Saturday, April 08, 2006

The Gospel of Judas

Are you Ready to Give a Response?

1 Peter 3:5 but in your hearts regard Christ the Lord as holy, always being prepared to make a defense to anyone who asks you for a reason for the hope that is in you; (ESV)

You may or may not have heard about the The Gospel of Judas...but if you watch the news or read the paper you will. This is going to be a common conversation piece for a bit...especially since the Da Vinci Code is being made into a movie.

I'm writing this post so that we might be able to talk about the Gospel of Judas from a Christian perspective.

Here are a few things to note regarding The Gospel of Judas that was just released by the National Geographic Society. (Most of this information came from either what I have learned in church history classes, or from Al Mohler’s radio show/commentary.)

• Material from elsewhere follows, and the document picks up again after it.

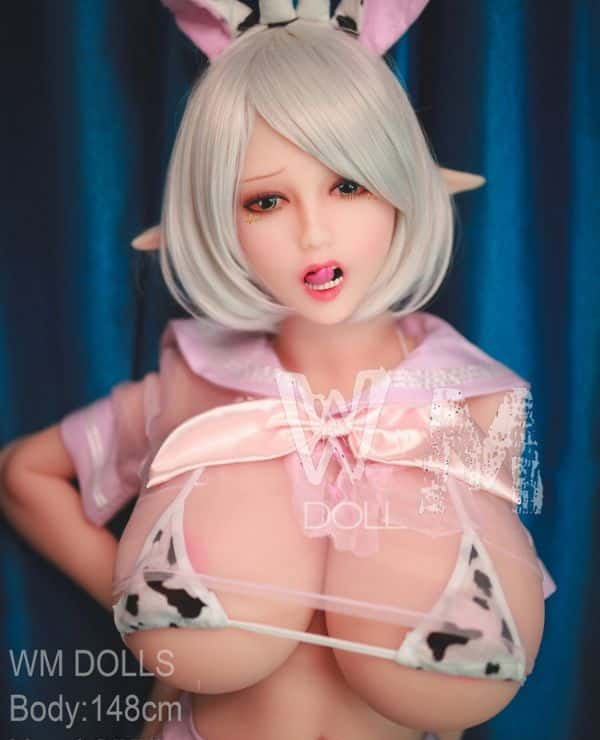 Detailed review of WMDoll 148cm #355 head TPE love doll: A thorough explanation of the appeal of the L cup and three vagina options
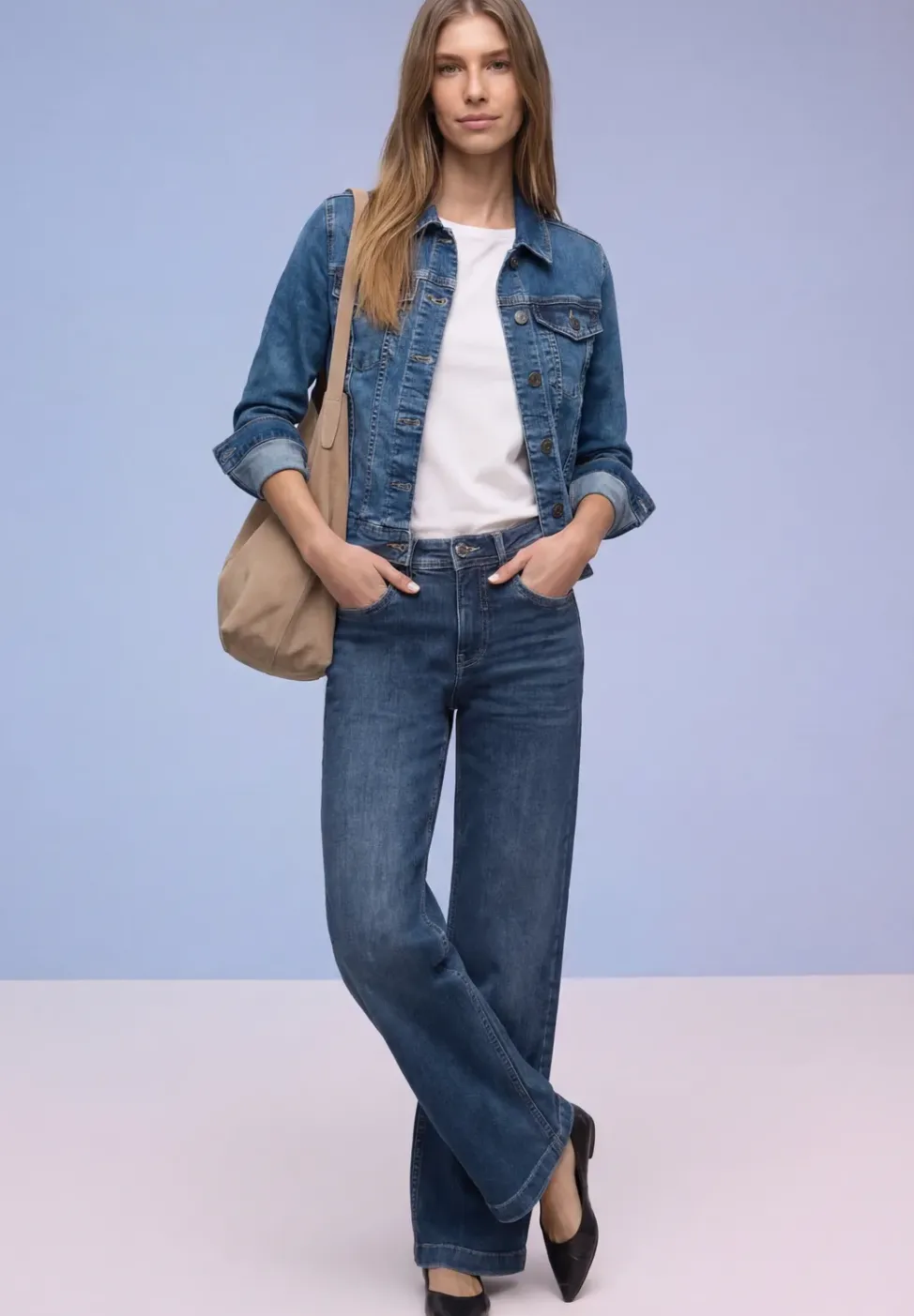 Wide Leg Jeans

(1) The Gospel of Judas was referred to in a letter that Irenaeus wrote in 180A.D. so this text isn’t a new thing that was unknown until the present time; however, we have not had the text in written form until now. This is clearly a second century text as opposed to everything in the New Testament canon which is from the first century. So this has no bearing as to how we should view the New Testament as we have it. Anything with apostolic first century roots could possibly be considered credible. However, this is from the second century and has Gnostic roots…something which the church ruled out that same century as not being the same gospel as what the apostles preached. This is clearly a different gospel from the quotes that I have heard…heed the warning of Galatians 1:8-9

“8 But even if we or an angel from heaven should preach to you a gospel contrary to the one we preached to you, let him be accursed. 9 As we have said before, so now I say again: If anyone is preaching to you a gospel contrary to the one you received, let him be accursed. (ESV)”

(2) Here are a few critiques of the text of the Gospel of Judas:
(I wrote these quotes down while listening…so punctuation and phrasing is not necessarily 100% correct. I just put these in here to give an idea of what's going on in the text.)
Jesus to Judas: “But you will exceed all of them. For you will sacrifice the man that clothes me.”

This passage alludes to the idea that Christ is clothed in the unholy body, and that Judas was responsible for separating Christ’s holy spirit from the filthy unholy body. This is very Gnostic and goes against all other biblical teaching. Gnostics taught that matter has always been evil, but we know from the Bible’s creation account that it was originally good (There’s more, but I’m trying to be concise).

Jesus to Judas: “Judas your star has led you astray. No person of mortal birth is worthy to enter the house you have seen. Neither the sun nor the moon will rule there nor the day, but the holy will abide there always in the eternal realm with the holy angels. Look I have explained to you the mysteries of the kingdom, and I have taught you the error of the stars and I send it on the twelve aeons.”

Judas to Jesus: “Master could it be that my seed is under the control of the rulers?”

Jesus to Judas: No, you will become the thirteenth and you will be cursed by other generations and you will come to rule over them. In the last days they will curse your ascent to the holy generation.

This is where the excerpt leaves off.